Prime Minister Anthony Albanese and Minister for Indigenous Australians Linda Burney, together with the NT government, last week announced short-term measures that are the beginning of our policy response, not the end.
The immediate alcohol restrictions that have been implemented will give everyone in town some much-needed relief, and are a chance to take stock and focus on what we need to do next.
Women and children in town camps have been speaking to me about what they want. They are overwhelmed by the amount of alcohol in town camps. They want the tap turned off.
Dorrelle Anderson has been appointed Central Australian Regional Controller. She has been entrusted to lead conversations with communities about alcohol restrictions and report back to government by February 1. We need to make sure the voices of our women and children are heard loud and clear. Everyone deserves to be safe in their community.
Alcohol restrictions are only part of the solution to much bigger problems that have developed after decades of neglect, particularly for remote communities.
Funding announced by the prime minister to organisations such as the Tangentyere Women’s Council to boost domestic violence services will help. Extending funding for safety and community services which were scheduled to end in June by the former government, will ensure this work continues.
But it’s hard not to draw a link from Tony Abbott’s cuts of more than $500 million from Indigenous Affairs in 2014 to so much of the neglect remote communities have experience over the past decade.
I’ve always said if you neglect the bush, the bush will come into town. And that’s what we’re seeing now.
Alice Springs just can’t cope with the influx of people from remote communities. A housing shortage out bush, alongside a lack of power, air-conditioning, health services and employment opportunities, has led to a large movement of people into Alice.
If a Voice had existed in 2014, at the very least it would have been able to provide advice to government and the parliament on the impact of budget cuts, like Abbott’s damaging cuts to support services in communities like mine.
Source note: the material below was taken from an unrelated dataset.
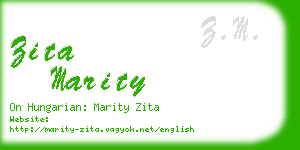 zita marity business card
If we had been listened to, and if policies had been designed in partnership with local communities to tackle the underlying disadvantage experienced by remote communities more than a decade ago, then perhaps many of the issues that have erupted now would not have occurred.
It’s why we need constitutional recognition through a Voice.
If you look closely at the Uluru Statement from the Heart, you will see my signature on it. I was part of the regional dialogues that led to the Uluru Statement.
The whole point of the Voice is to make a difference to the lives of Indigenous Australians by making sure we have a say in the matters and policies that affect our daily lives.
And the whole point of updating the constitution to include a Voice is to ensure a continuity and consistency of advice to government that withstands the political cycle.
I’ve spent many years advocating for my community. I tell it how it is, even if some people don’t like it.
A Voice will make a difference to communities like Alice Springs. It will mean government and bureaucrats need to listen to us. A Voice might even give people in Alice some hope. For me, that’s reason enough to vote ‘Yes’.
Marion Scrymgour is the federal Labor member for the Northern Territory seat of Lingiari.